Em contrapartida, o presidente vetou cinco trechos do projeto, de modo a acenar para suas bases. Um desses vetos impede o aumento da pena para militares ou agentes públicos que cometerem crimes contra o Estado Democrático de Direito. Eles estariam sujeitos a perda do posto, da patente ou da graduação. Também foi vetada a criminalização da prática, durante as eleições, de fake news – os disparos em massa de desinformação e mentiras. O projeto previa até cinco anos de prisão para quem promovesse fake news nas redes sociais.
Criada em 1983, no fim da ditadura, a LSN ajudou a evitar a punição de torturadores e a perseguir opositores. O prazo para que Bolsonaro definisse se sancionava ou vetava o texto terminava nesta quarta-feira (1). Vencida a batalha maior contra a LSN, a diretriz da oposição e das forças democráticas, agora, é derrubar os vetos – o que exige maioria na Câmara e no Senado, num prazo de 30 dias.
“Bolsonaro vetou a parte que criminaliza as fake news sobre o processo eleitoral. Esse presidente trabalha em causa própria”, disse a deputada Alice Portugal (PCdoB-BA). “Vamos à luta para derrubar este veto.”
Aprovada no Senado no dia 10 de agosto – no mesmo dia em que houve desfile militar na Esplanada do Ministérios –, o projeto que extingue a LSN define o que são crimes contra a democracia. É o caso de práticas como promover golpe de Estado, impedir ou perturbar a realização das eleições, incitar crime às Forças Armadas, lançar comunicação enganosa em massa, atentar contra a soberania e fazer espionagem.

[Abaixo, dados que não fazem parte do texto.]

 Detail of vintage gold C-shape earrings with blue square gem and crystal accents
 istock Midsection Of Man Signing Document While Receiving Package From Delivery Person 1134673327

Ao tentar justificar sua decisão, Bolsonaro – que é investigado pelo Supremo Tribunal Federal (STF) no inquérito das fake news – disse que o dispositivo poderia “afastar o eleitor do debate político”, “inibir o debate de ideias” e “limitar a concorrência de opiniões”. Sobre o inciso que aumentava a pena para militares envolvidos em crimes contra o Estado de Direito, Bolsonaro, sem dar mais explicações, alegou que a medida violaria “o princípio da proporcionalidade”.

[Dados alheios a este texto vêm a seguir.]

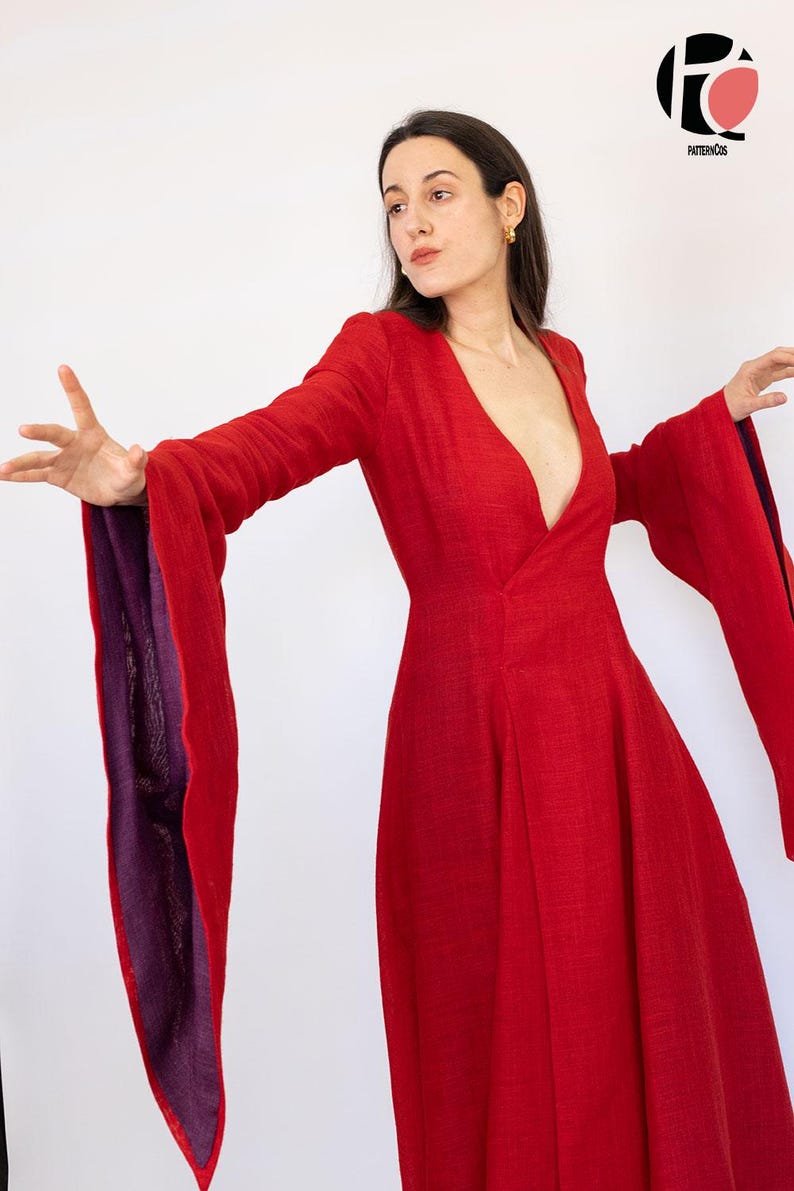 May include: A vibrant red dress with long, flowing sleeves and a deep V-neckline. The sleeves have a contrasting purple lining. The dress is made of a textured fabric and has a flared skirt. The image features the PatternCos logo in the upper right corner.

Algumas regras da extinta Lei de Segurança Nacional foram incorporadas ao Código Penal (Decreto Lei nº 2.848, de 1940) em um título que trata dos crimes contra o Estado Democrático de Direito. Os capítulos punem violações à soberania nacional, às instituições democráticas, ao processo eleitoral, aos serviços essenciais e à cidadania.
A nova lei tipifica o crime de tentativa de abolição do Estado Democrático de Direito, “impedindo ou restringindo o exercício dos Poderes constitucionais”. Nesse caso, a pena é de prisão de 4 a 8 anos, além da pena correspondente à violência empregada. Já o crime de golpe de Estado propriamente dito – “tentar depor, por meio de violência ou grave ameaça, o governo legitimamente constituído” – gera prisão de 4 a 12 anos, além da pena correspondente à violência.

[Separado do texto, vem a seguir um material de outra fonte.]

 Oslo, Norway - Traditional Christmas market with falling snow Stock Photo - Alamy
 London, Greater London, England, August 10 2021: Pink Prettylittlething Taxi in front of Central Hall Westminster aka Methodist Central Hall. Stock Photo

A nova lei é resultado do projeto de lei (PL) 2.108/2021, que tramitou por 30 anos no Congresso. O texto foi aprovado por deputados em maio e pelos senadores em agosto deste ano. Durante a discussão da matéria no Senado, o relator, Rogério Carvalho (PT-SE), sublinhou que a Lei de Segurança Nacional foi usada pelo atual governo para punir opositores de Bolsonaro.
Levantamento do jornal O Globo mostrou que mais da metade dos inquéritos policiais instaurados com dispositivos da LSN, entre 2010 e 2021, ocorreram no governo Bolsonaro, justamente contra adversários. O número de inquéritos com base na lei aumentou a partir de 2019 e chegou a 51 em 2020.
A revogação da LSN foi defendida no Congresso por ser associada ao período autoritário. Em seu discurso durante a votação, o líder do MDB no Senado, Eduardo Braga (AM), disse que era hora de o Brasil “sepultar” a lei que era um “resquício da ditadura e que não condiz mais com a nossa Constituição”.